The main thrust of my argument last week was the enormous provision of material from the commercial sector and how it would be detrimental to science to cut that off. This stands for meteorites as well. I have three or four friends who are meteorite hunters - that's what they do for a living. Anyone wishing to study the material they find can do so easily enough - buying a few small pieces will be far, far cheaper than going out to collect their own samples. The New Scientist article suggests at one point that material in the hands of commercial collectors is forever lost to science. I think that's both partially untrue and potentially damaging. Most collectors I know will happily make their stuff available for study on request. I know that someone has to know it's there in the first place, though, and I can see that as a problem. Lots of collections are offered to museums eventually, but that doesn't solve the issue. Again, pro-actively fostering relationships between collectors and the academic establishment can only be of benefit.

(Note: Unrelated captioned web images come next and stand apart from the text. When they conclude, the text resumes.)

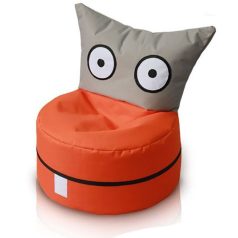 OWL a cuki lény gyermek babzsákfotel - szürke-narancs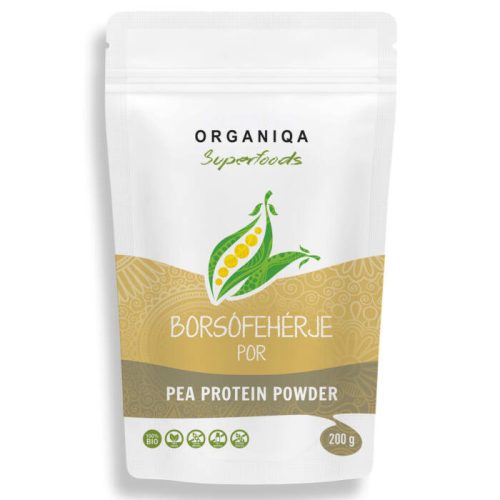 Organiqa 100% bio borsófehérje por (80% fehérje) 200 g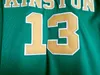 男性のブランドンイングラムジャージー13グリーンバスケットボール高校キンストンジャージースポーツユニフォームピュアコットントップクオル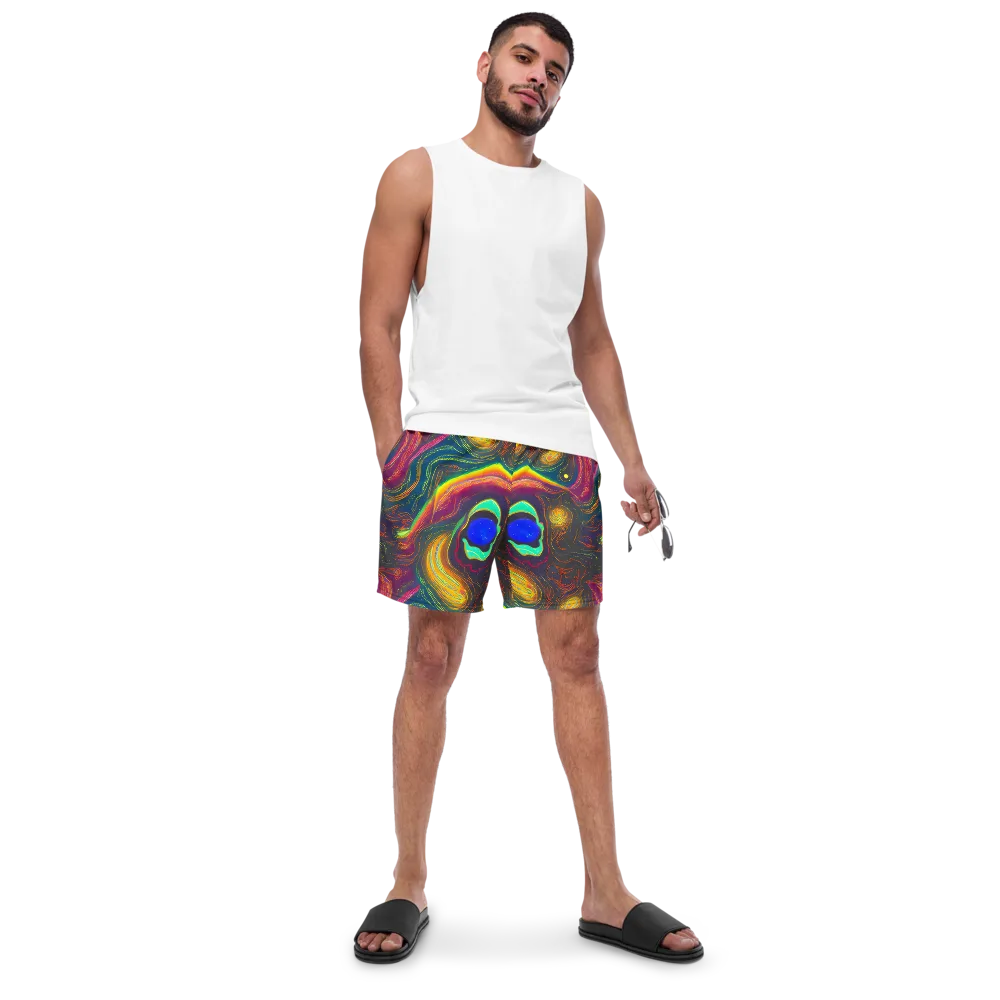 Ultraviolet River on Swim Trunks — Front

Coming back to the Gebel Kamil site - to me the piece misses a number of points. The Italian team's lost bottle? Who is to say they were the first people there? That seems a remarkable claim. Secondly, why should science have automatic rights to all the material? It's fair to say a better estimate of total fall weight can be attempted with more of the meteorite in situ, but who knows how much of it has been collected in the 5000 years since it fell? Ultimately, what has happened is that the scientific community has found the site of a meteorite fall and given it an official name. It will undertake a full analysis of the rocks and crater and we will learn a bit more about meteorites. This is still happening, commercial collecting or not. It is of no real use to the researchers to possess all of the meteorite, but I'd argue it's of some value to science as a whole to have the background interest in the subject raised by the commercial market.

The use of UNESCO as a safeguard for specimens and sites of vital importance to science could be more effective if properly applied and enforced, but there aren't many instances where this is the case. As an example, China have a blanket ban on the export of vertebrate fossil material. This seemed brought in essentially to protect their feathered dinosaur stuff - and rightly so. Very important palaeontological specimens that academics should be able to access. It's a sledgehammer to crack a nut, though. Also banned for export are two types of fossil fish, Jianghanichthys and Lycoptera, that had provided a steady income stream for very poor parts of China. They are of no scientific interest. Australia is pretty much the only place where customs will take an interest if you go through the border with a Chinese fossil fish. The approach mentioned towards the end of the New Scientist piece is a good one, I think, but essentially is simply exploiting the existing situation. Academic bodies sponsoring local collectors to provide material for them instead of buying from dealers. But - doesn't that just make these sponsored local collectors... meteorite dealers?

Ahhh. I'll write about something else next time, I promise.

Wednesday 4 August 2010

A week to themselves

Mothers get a day. Fathers get a day. Sharks get a whole week. So greedy. But anyway - it's Shark Week this week. Right now. So go and hug a shark. Well - okay - go and... Go and... How do you celebrate Shark Week? It's been running since 1987, the brainchild of the Discovery Channel who pack their schedule with relevant programming.

Sharks get a rough time of it from us lot. Some of us are afraid of them, others fascinated, but we're all at least impressed. Some of the best-sellers in the shop are fossil shark teeth, so I owe them a great deal. Sharks are the lions of the sea. Or to avoid any letters of complaint from sealions, maybe sharks are the tigers of the sea. They have been around for a long time and proved themselves thoroughly effective predators but seem to have met their match in humans. Most species of shark face some level of extinction threat - and may be lost within the next few decades at current rates of decline. The process of collecting shark fins for a stupid soup is revolting. I'd suggest that anyone wanting shark fin soup should collect the ingredients themselves, by hand. So - all power to Shark Week if it at least raises awareness a little.